Poeta veterano en el portal
Comencemos hablando, mis queridos contertulios, de lo que hoy significan límites y anteriormente fronteras, de los espacios aéreos, de las áreas geográficas, y delas corpóreas cadenas.

Señor, ¿podemos también hablar de los polvos mágicos, de los perros galgos, de los malos brujos y de los pliegos trágicos?

No solamente podéis hablar, sino que debéis hacerlo. Yo os lo mando y ordeno; y hablaréis, además, del affaire del coronel, del pensar que es general, que los cuernos lleva el rey, por mandato y lealtad de quien manda sin olé. Pero ahora, decidme, mis queridos desparramados… ¿Sois felices?, ¿tenéis orgasmos?, ¿os satisfacen las perdices?, ¿se os estima por vuestros brazos? Contadme las penurias, descardad vuestras penas y miserias, y alegraos en los bigotes; que se iluminen vuestras barbas; y quien no las tenga, que luz no halle si las afeita. Dejar a los pelos del culo que sirvan para lo que sirven; serán pelos hasta en las tetas. Y pensad, y coged la vida buena, que la mala es buena vida, y la vive quien la tenga; que la muerte está en la esquina, la muy puta, puta vida para que aprendas.

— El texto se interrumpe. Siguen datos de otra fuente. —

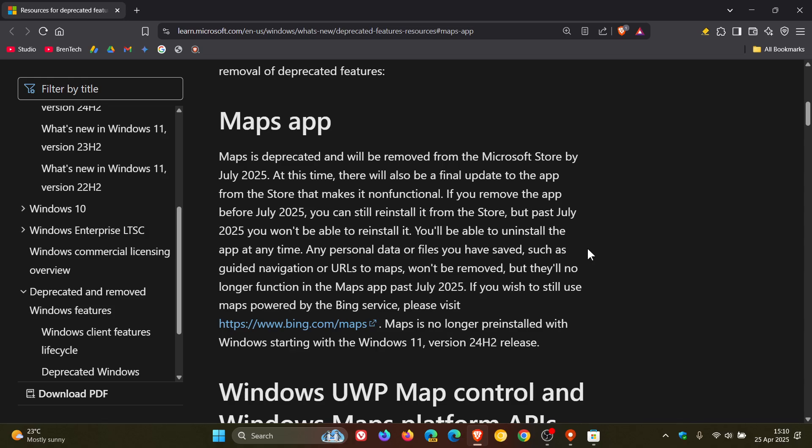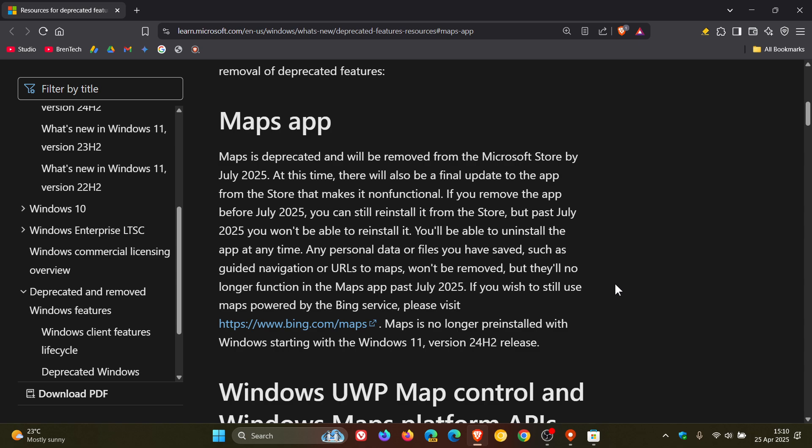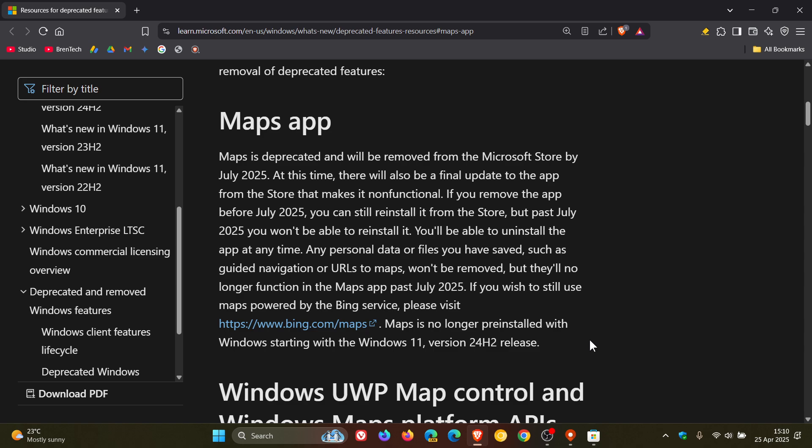Any personal data or files you have saved, such as guided navigation or URLs to maps, won't be removed but they'll no longer function in the Maps app past July 2025. So if you wish to still use maps powered by the Bing service, you can visit www.bing.com/maps, and Maps is no longer pre-installed as I mentioned with Windows starting with version 24 H2.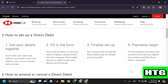After that, finalized setup — the company will arrange the direct debit using the details you've provided. And payments begin. The first payment will leave your account on the date you agreed and continue until the direct debit is cancelled.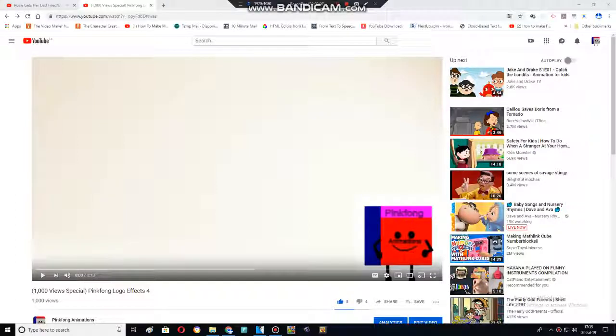Hey guys, it's me, Pinkfunk Animations here. I got some new news. The good news is 1000 View Special! Get that fucking serious!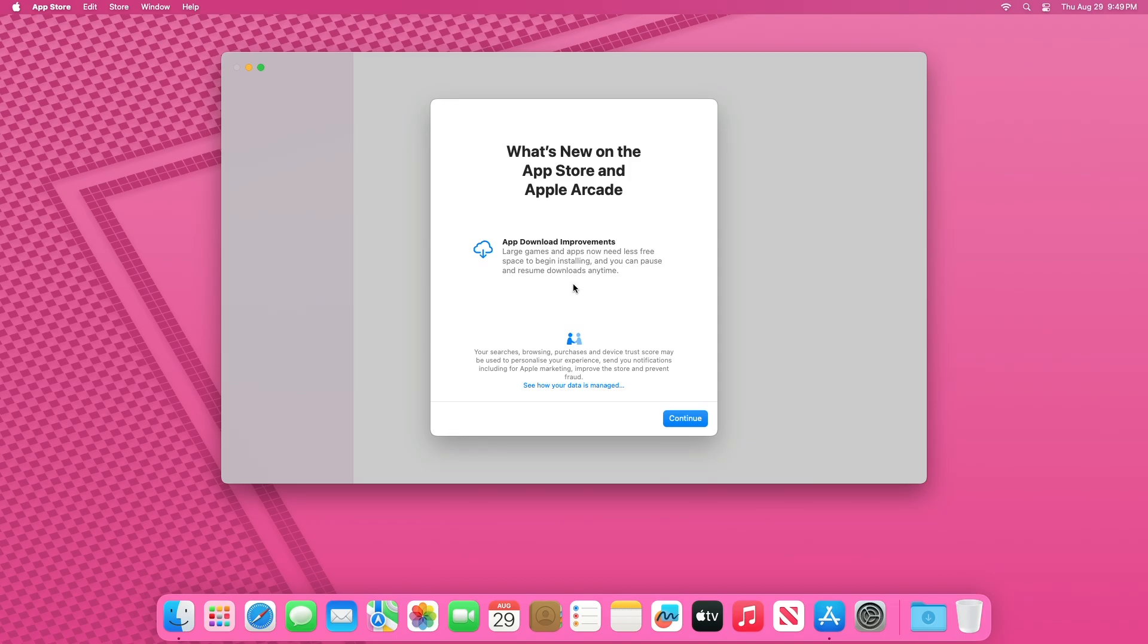Moreover, users now have the option to download large applications directly to an external disk, freeing up valuable internal storage space. This feature is particularly beneficial for users with smaller storage capacities or those who frequently work with large files.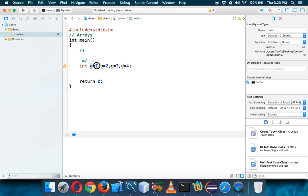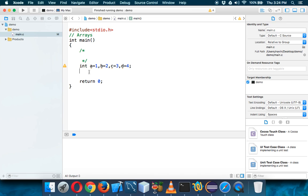Imagine each variable as a cup of tea. So this is your cup and this is your tea — every cup will have its own tea. So instead of having four cups and carrying those four cups on four fingers, we can use a single tray. You can carry a single tray in which you'll be having four cups.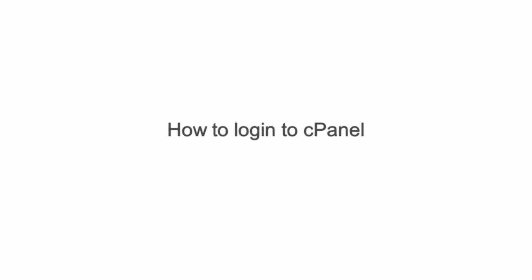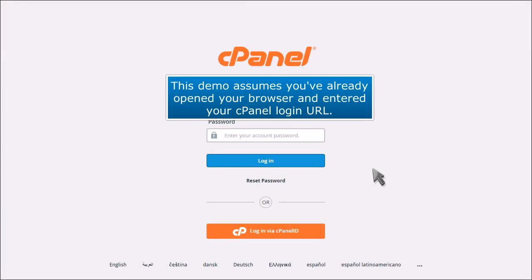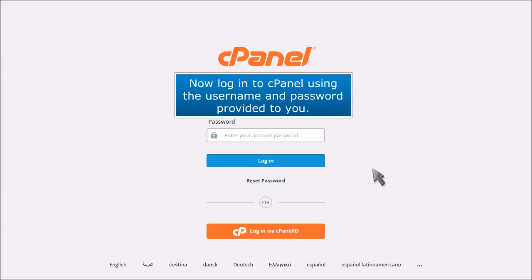How to log in to cPanel. This demo assumes you've already opened your browser and entered your cPanel login URL. Now log in to cPanel using the username and password provided to you.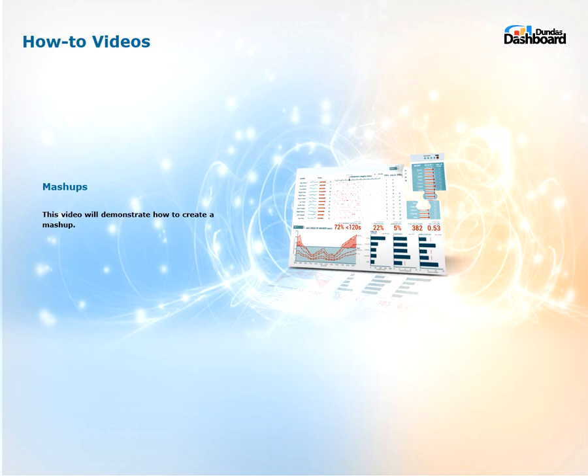Hi everyone, welcome to Dundas dashboard how-to videos. This video is on mashups.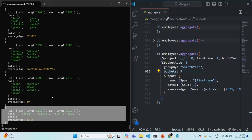So when you want to group documents together based on a single value, you can use the group stage. But when you want to group documents based on a range of values, you can use the bucket stage or bucket auto stage. Use bucket auto when you want MongoDB to calculate the range boundaries automatically instead of specifying them yourself. This is all from this lecture. If you have any questions, feel free to ask. Thank you for listening and have a great day.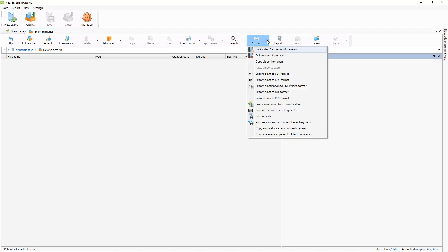And here in the actions button you can see a list of commands which you can do with the selected examination directly from the exam manager window.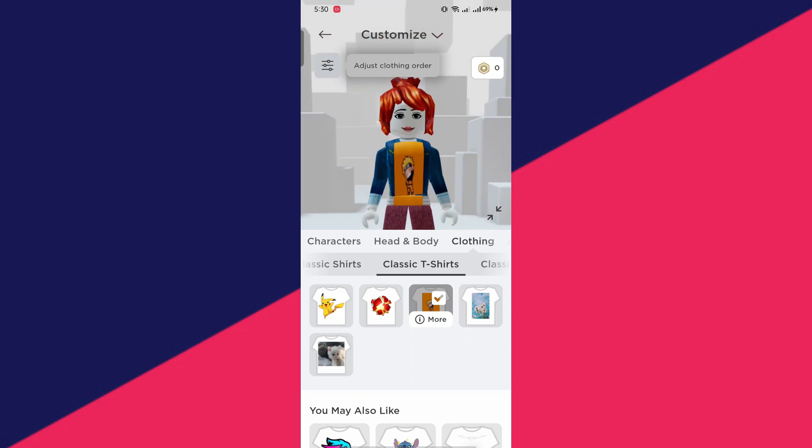There you have it. There's your own custom t-shirt in Roblox Mobile. If you find this video very helpful, please subscribe for more videos.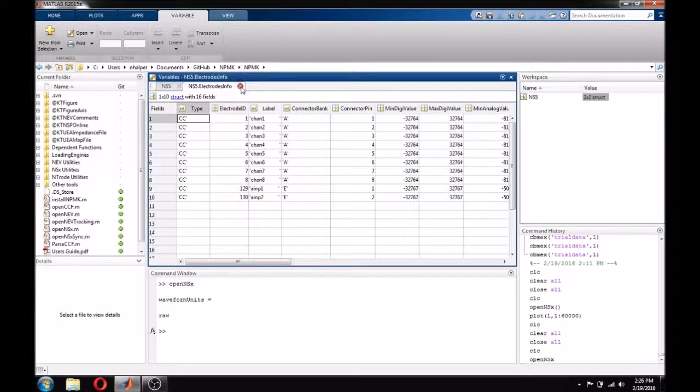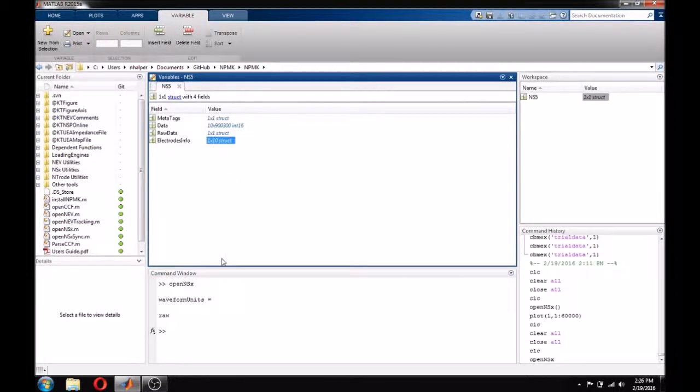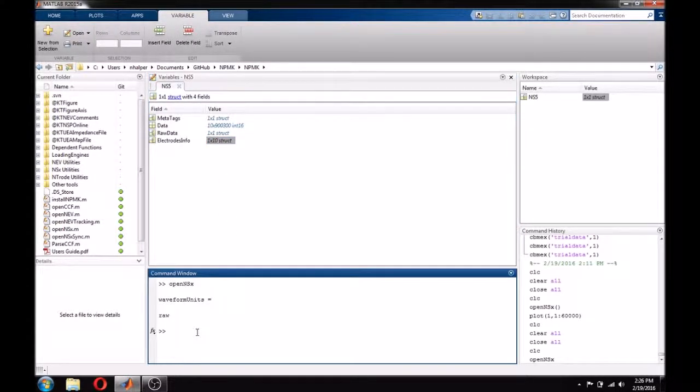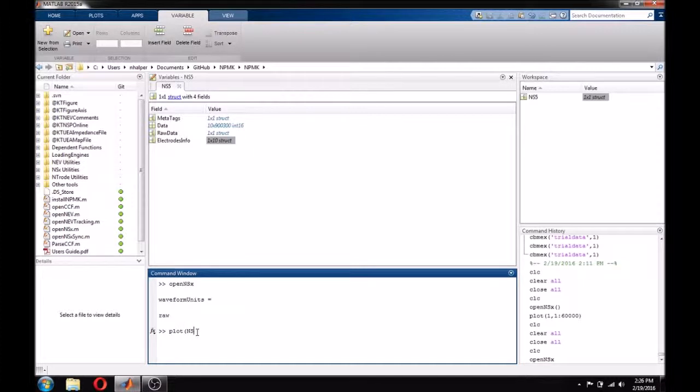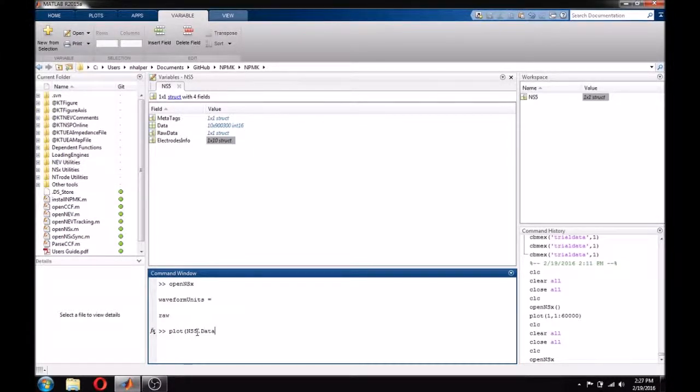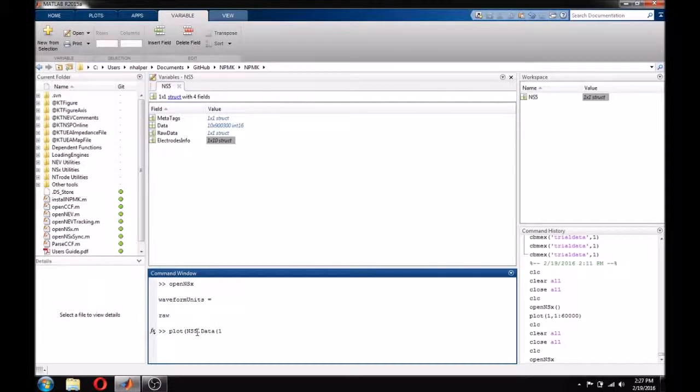With the organization of the data structure, it is really easy to plot a signal. I am going to plot the first couple seconds of channel 1 of this data file. Since I know that I am sampling at 30K, I can simply plot from 1 to 60K to capture the first two seconds.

Señor, esto no es lo que nos han enseñado.

Claro, porque los maestros caraculo, son maestros macabros, y muestran sólo los rublos, y esconden los buenos palos; predican que son los mulos, y engañan con los desfalcos; milagros serán los suyos, dejaros a todos mancos; sin manos para los puños, sin garras para matarlos. Pero yo os abro el orgullo, y os doy el milagro en talco, los polvos de los barullos, alientos de los vocablos.